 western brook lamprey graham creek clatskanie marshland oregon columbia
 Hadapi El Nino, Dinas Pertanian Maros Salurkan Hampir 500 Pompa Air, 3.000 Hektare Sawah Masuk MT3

***

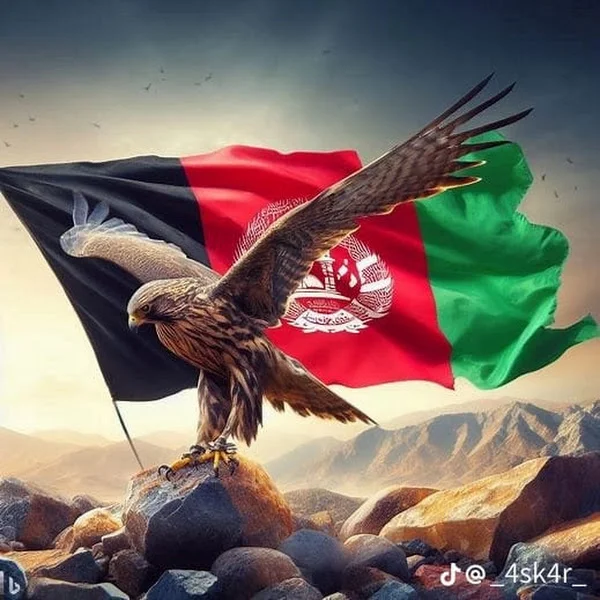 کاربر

***

Assignment | Starting with the line that holds "western brook lamprey" and ending with the line that holds "Hadapi El Nino, Dinas", retype every line in the data above exactly, and nothing else.

Response to the task |
 western brook lamprey graham creek clatskanie marshland oregon columbia
 Hadapi El Nino, Dinas Pertanian Maros Salurkan Hampir 500 Pompa Air, 3.000 Hektare Sawah Masuk MT3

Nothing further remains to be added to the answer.